Franco Battiato
Di Passaggio
In ricordo di AMC
Sono parole di una lingua che ci pare incomprensibile quelle che sentiamo quando inizia “Di passaggio”, traccia di apertura dell'album L'imboscata (1996) di Franco Battiato, che lo pubblica a metà della sua carriera: è greco antico, un frammento di Eraclito, che recita: «La stessa cosa sono il vivente e il morto, lo sveglio e il dormiente, il giovane e il vecchio: questi infatti mutando son quelli e quelli di nuovo mutando son questi» (DK 22B88). Il cantautore, grande estimatore del mondo antico, lo cita, perché vuole ricordarci che πάντα ῥεῖ, che tutto passa, cambia, scorre, niente resta lo stesso; come recita la canzone «Non ci si può bagnare/ due volte nello stesso fiume», riprendendo un altro, più famoso, frammento di Eraclito. Ma a fare da riferimento privilegiato alla canzone, non è Eraclito, ma Giacomo Leopardi, molto più vicino, e nel tempo e nello spazio. Perché tutta la canzone è una ripresa e un ampliamento di tre versi di uno dei suoi più bei Canti, La Ginestra: «Caggiono i regni intanto,/ Passan genti e linguaggi: ella [la Natura] nol vede:/ e l'uom d'eternità s'arroga il vanto».
E così Battiato ci canta il passare del tempo per le persone – ora visto come il movimento veloce («i treni»), ora lento («i topi per le fogne») - come passare dei suoni («i pezzi in radio»), delle idee («le illusioni») delle nascite («le cicogne»): tutti invecchiano, non diventando per forza più saggi («non te ne fare un vanto»), perché «lo sai che tutto cambia/nulla si può fermare». Poi la canzone allarga lo sguardo, mostrando la caducità delle istituzioni («i regni»), del potere («i presidenti») e addirittura delle «religioni», che sono anch'esse effimere, facendo rima con «stagioni». E hanno fine anche «gli urlettini dei cantanti» - per la gioia di Battiato, perché «non è colpa mia se esistono spettacoli/ con fumi e raggi laser/ se le pedane sono piene/ di scemi che si muovono» (“Up Patriots to arms”, 1980); così «per noi che siamo solo di passaggio» finiscono, come gli umori, anche quello che non crediamo non finirà mai, amori e credenze («si cambia amore, idea, umore»); perché «niente dura per sempre, figurati io e te», per dirla coi Baustelle.

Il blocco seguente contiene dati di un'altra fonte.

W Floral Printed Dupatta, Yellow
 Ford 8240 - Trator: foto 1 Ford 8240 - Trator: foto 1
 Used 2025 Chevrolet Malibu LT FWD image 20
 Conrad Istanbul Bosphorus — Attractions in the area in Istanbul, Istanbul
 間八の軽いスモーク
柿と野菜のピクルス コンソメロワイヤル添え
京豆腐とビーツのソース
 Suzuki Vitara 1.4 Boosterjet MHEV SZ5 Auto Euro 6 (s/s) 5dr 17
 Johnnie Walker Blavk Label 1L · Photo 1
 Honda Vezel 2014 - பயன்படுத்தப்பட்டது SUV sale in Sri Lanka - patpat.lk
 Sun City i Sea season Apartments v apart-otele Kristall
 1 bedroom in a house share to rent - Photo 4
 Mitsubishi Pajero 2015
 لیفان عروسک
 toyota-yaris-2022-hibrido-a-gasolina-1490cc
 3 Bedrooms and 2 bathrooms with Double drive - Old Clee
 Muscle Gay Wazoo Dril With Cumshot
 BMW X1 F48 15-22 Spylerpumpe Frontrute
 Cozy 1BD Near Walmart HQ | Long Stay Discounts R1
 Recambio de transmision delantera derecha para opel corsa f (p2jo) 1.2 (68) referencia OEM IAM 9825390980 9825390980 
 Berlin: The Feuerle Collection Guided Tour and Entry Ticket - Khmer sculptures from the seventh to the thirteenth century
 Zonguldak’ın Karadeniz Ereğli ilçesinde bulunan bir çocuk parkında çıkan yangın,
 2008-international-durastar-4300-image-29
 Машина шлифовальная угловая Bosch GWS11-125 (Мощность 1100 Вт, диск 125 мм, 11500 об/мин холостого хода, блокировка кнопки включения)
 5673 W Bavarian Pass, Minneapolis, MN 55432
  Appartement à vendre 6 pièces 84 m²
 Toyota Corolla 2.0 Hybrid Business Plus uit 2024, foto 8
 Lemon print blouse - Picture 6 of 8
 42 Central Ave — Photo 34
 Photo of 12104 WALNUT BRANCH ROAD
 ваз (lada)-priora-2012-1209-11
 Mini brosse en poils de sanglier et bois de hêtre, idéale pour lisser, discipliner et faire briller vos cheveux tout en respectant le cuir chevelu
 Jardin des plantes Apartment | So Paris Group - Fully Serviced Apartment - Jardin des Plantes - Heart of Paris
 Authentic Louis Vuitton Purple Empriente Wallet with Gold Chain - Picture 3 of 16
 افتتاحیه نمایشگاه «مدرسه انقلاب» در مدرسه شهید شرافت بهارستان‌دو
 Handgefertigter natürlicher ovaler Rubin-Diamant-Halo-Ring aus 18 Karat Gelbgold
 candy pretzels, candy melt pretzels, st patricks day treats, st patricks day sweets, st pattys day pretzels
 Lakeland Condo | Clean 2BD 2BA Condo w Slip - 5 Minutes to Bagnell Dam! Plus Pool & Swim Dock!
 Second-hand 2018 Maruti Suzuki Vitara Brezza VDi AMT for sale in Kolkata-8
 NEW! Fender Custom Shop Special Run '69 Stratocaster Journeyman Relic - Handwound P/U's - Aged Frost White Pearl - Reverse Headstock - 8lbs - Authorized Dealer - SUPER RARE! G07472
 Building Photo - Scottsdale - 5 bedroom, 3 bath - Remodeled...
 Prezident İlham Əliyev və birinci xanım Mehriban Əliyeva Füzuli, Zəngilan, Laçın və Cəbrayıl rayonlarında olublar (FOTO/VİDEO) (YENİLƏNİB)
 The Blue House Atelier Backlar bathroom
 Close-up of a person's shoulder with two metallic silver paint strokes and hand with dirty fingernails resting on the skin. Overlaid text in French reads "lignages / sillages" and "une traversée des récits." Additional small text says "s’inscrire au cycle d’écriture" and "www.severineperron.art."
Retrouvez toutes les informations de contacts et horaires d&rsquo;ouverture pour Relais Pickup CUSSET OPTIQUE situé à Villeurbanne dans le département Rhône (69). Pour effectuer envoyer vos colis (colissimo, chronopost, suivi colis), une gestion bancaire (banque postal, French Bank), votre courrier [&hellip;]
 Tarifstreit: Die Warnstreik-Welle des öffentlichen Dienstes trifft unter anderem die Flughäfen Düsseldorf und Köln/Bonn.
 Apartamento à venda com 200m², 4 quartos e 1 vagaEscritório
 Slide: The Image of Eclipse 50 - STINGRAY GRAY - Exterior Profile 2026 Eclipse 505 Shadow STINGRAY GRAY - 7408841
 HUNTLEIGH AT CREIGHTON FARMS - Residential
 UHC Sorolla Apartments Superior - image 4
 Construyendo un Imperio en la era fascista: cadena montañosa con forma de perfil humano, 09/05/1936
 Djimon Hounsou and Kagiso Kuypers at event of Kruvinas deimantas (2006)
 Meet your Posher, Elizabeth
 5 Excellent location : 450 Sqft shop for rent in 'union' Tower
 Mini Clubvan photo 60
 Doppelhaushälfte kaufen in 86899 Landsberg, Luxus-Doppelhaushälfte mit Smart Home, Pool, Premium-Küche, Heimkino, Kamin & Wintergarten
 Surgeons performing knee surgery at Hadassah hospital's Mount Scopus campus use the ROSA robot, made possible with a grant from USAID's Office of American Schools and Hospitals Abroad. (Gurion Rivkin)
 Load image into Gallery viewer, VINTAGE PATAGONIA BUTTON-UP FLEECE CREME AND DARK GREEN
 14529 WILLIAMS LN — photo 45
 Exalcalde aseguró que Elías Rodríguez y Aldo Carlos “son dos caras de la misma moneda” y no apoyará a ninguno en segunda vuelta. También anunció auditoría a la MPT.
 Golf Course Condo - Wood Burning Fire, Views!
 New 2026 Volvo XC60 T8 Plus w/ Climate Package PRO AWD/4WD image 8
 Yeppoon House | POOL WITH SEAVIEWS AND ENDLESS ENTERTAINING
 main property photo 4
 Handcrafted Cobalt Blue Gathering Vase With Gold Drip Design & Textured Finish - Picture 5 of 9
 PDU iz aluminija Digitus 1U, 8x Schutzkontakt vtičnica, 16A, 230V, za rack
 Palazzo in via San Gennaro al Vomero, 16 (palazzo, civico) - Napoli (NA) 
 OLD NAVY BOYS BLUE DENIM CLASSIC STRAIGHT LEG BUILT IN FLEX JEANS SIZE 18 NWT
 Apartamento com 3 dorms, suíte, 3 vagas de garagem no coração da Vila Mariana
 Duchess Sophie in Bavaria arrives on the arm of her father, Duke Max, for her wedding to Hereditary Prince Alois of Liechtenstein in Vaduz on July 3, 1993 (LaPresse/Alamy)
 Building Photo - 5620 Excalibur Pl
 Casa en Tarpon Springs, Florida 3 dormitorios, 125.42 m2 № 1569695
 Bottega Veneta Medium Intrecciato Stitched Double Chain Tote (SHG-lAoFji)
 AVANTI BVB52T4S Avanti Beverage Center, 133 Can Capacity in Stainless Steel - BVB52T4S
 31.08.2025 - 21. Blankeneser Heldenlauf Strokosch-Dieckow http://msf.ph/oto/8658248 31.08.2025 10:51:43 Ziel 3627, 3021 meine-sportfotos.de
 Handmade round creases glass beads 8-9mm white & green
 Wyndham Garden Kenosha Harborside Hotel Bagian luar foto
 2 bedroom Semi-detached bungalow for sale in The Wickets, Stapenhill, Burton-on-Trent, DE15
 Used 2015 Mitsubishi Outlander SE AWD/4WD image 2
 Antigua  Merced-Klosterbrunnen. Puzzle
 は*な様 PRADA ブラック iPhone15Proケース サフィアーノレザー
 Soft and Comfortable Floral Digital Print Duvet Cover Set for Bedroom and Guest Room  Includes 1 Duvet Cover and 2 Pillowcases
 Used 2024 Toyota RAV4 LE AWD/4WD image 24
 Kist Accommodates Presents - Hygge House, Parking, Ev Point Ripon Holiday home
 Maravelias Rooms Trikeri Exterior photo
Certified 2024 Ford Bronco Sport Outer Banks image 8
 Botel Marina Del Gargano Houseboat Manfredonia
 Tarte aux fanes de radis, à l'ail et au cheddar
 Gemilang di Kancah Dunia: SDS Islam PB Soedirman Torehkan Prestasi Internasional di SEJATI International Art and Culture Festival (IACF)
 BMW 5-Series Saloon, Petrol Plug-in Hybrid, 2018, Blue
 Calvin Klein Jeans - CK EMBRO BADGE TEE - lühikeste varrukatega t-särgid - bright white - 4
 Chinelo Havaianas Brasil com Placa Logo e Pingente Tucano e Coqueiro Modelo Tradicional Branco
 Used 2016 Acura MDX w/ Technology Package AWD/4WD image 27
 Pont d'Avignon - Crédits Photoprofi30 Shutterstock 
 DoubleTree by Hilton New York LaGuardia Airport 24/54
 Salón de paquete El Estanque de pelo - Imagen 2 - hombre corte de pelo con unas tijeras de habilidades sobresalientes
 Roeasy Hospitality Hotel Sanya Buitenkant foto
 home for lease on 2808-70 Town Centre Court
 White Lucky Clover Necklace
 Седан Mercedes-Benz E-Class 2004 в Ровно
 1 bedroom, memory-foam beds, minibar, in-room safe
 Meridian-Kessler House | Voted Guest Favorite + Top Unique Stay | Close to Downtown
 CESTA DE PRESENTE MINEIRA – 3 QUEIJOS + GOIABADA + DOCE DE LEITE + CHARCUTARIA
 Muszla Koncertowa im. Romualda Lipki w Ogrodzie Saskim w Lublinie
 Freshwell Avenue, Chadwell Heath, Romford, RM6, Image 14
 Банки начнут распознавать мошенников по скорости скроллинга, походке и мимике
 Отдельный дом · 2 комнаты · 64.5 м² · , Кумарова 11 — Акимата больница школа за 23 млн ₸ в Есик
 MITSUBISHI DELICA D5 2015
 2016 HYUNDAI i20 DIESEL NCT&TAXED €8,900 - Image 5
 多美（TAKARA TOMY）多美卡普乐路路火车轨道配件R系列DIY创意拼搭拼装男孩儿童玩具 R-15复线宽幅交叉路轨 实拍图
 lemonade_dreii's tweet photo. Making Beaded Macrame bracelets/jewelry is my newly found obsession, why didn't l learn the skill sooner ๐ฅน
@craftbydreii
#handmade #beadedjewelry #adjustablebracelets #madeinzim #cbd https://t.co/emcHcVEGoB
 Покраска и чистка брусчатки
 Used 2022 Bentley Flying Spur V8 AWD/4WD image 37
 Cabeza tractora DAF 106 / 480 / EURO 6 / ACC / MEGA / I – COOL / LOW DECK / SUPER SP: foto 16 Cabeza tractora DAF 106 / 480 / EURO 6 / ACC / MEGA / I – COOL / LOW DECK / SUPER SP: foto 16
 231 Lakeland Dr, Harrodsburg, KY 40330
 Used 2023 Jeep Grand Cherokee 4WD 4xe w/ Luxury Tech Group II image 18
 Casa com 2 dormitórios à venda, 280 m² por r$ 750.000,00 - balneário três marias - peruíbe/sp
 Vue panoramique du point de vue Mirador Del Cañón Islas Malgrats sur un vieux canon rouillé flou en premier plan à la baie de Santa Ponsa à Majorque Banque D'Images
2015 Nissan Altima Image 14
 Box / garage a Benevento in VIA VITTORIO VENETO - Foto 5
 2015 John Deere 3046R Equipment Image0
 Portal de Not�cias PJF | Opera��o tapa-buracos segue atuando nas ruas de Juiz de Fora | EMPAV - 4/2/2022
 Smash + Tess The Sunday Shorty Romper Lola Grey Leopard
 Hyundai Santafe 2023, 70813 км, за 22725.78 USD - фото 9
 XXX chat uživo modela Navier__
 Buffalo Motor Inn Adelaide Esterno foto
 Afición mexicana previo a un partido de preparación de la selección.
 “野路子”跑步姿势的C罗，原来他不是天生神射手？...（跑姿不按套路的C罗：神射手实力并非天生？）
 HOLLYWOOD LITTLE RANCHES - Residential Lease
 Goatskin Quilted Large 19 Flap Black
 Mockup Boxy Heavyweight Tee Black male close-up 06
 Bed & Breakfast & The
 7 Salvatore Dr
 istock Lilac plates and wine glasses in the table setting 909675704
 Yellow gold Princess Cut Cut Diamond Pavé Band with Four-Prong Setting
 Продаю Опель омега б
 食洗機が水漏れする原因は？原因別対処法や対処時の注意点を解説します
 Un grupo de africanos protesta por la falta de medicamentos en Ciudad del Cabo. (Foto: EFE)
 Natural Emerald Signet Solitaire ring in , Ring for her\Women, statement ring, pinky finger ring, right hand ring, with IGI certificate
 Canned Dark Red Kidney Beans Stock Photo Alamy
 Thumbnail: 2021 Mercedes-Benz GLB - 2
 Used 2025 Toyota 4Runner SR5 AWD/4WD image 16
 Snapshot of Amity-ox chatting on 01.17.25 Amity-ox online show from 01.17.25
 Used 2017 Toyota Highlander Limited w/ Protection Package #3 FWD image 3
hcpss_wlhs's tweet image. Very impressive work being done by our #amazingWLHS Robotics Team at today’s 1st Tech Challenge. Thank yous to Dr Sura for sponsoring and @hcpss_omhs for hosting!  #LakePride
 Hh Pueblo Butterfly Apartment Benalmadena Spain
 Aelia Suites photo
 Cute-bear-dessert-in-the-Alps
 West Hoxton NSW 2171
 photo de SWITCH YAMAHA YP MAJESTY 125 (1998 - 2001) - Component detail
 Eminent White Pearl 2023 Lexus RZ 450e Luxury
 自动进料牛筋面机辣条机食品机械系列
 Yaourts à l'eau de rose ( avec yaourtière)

Poi c'è un repentino cambio di riferimento, è il testo ebraico Sefer Yetzirah (“Libro della Formazione” o “Libro della creazione”), in cui «soffia la verità», in cui è spiegato come il mondo è stato creato da Dio tramite i dieci sĕfirōt, «qualità, livelli o attributi – li definisce la Treccani - attraverso i quali l’infinito divino si rivela progressivamente nella realtà materiale», quelli che Battiato chiama «diametrali delimitazioni». Dodici sono nel testo esoterico le lettere elementari dell'alfabeto ebraico, che hanno dodici fondamenti tra cui «l'Informazione, il Coito, la Locomozione», dove il primo sta per i cinque sensi a fondamento delle rispettive lettere semplici; 7 invece sono le lettere alfabetiche doppie che se permutate ottengono 5040 combinazioni; ma se fossero 6, otterrebbero «settecentoventi case»: è proprio un'espressione che si trova nel libro, che mostra come calcolare usando l'esempio di “pietre” e “case”. Siamo insomma al calcolatore prima del calcolatore, al calcolo combinatorio, quello che oggi chiamiamo calcolo fattoriale, cioè il prodotto degli interi positivi in ordine discendente rispetto a quel numero, fino a 1; la sua formula è n! = n(n−1)...2‧1. Sic mundus creatus est.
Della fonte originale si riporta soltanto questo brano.